# Johnny House Plans



## k9wernet

I put sand in kitty litter pans. Makes it a lot easier to de-turd it. You can also swap out the sand for a periodic borax bath.

KW


----------



## kellyM87

sorry I am bumping this. The coop is done. Need to get my PVC watering and food system (which I am buying next pay check). Saturday the first birds go in. I left the floor all wood but bought sand to cover the bottom with corn cob litter in a tray where their little hidey hole is going. My dad would not let me do the HW cloth floor because of the poop accumulation in the yard lol. Someone on here said they take the sand out for chukars though.... why is that? What do you feed your birds? is the sand at the bottom going to be OK, or is it maybe a better idea to beg, and try get the HW cloth bottom? I fenced in the area where the coop is going, hopefully the dogs cant get close enough to be infatuated with it in the back yard.


----------



## dauber

I feed this http://www.tractorsupply.com/livest...g-chick-starter-grower-20-feed-50-lb--5078210

I use sand on the floor along with straw (corn cob litter is fine too). I scoop it out at least every other time I do the tube waterer. I fill the water/feeder about every 2-3 weeks so I scoop out the coop about 4 to 6 weeks, then put more sand and straw in. Quail have done fine with this setup.  My birds spend most of their time up on the 1x4 railing. Good luck.


----------



## kellyM87

dauber said:


> I feed this http://www.tractorsupply.com/livest...g-chick-starter-grower-20-feed-50-lb--5078210
> 
> I use sand on the floor along with straw (corn cob litter is fine too). I scoop it out at least every other time I do the tube waterer. I fill the water/feeder about every 2-3 weeks so I scoop out the coop about 4 to 6 weeks, then put more sand and straw in. Quail have done fine with this setup. My birds spend most of their time up on the 1x4 railing. Good luck.

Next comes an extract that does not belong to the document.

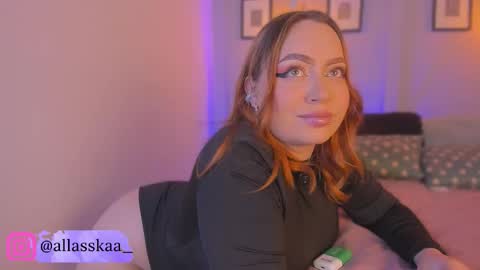 Laura online show from February 24, 5:21 am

The first birds are Chukar.... does that matter?


----------



## dauber

I did chukars 2 years ago for about 4 months and they did fine, but that was a fairly dry summer here in the EUP. Chukar can have foot problems if the bedding isn't kept pretty dry or have them on mesh floors.


----------



## k9wernet

dauber said:


> I feed this http://www.tractorsupply.com/livest...g-chick-starter-grower-20-feed-50-lb--5078210




I like to supplement with whole seed (millet, black oil or shelled sunflower, safflower) because I think it makes for more solid, less stinky poops. That is more expensive and based on my own very limited experimentation though.

KW


----------



## TSPham

I'm late on this topic, but just completed my Johnny House this past weekend. I used a leftover piece of 38" by 8 ft. steel roof that determined the size of my house....cut this in half and overlap it and I had a 6'x4' roof. Footprint is 48"x45". House is 72" high on one wall, 66" on other. Overhang for flight deck was about 18" to fit out under the 6ft roof. Used 1x6 for ledge around top. Used plastic coated wire (looks like small chicken wire, but 1/2 openings) for top wall and plan to put old fiberglass window screen on the inside slightly away from this (I read it protects the flight feathers from getting damaged in the bigger screen). Floor is open 1/2" vinyl coated hardware cloth.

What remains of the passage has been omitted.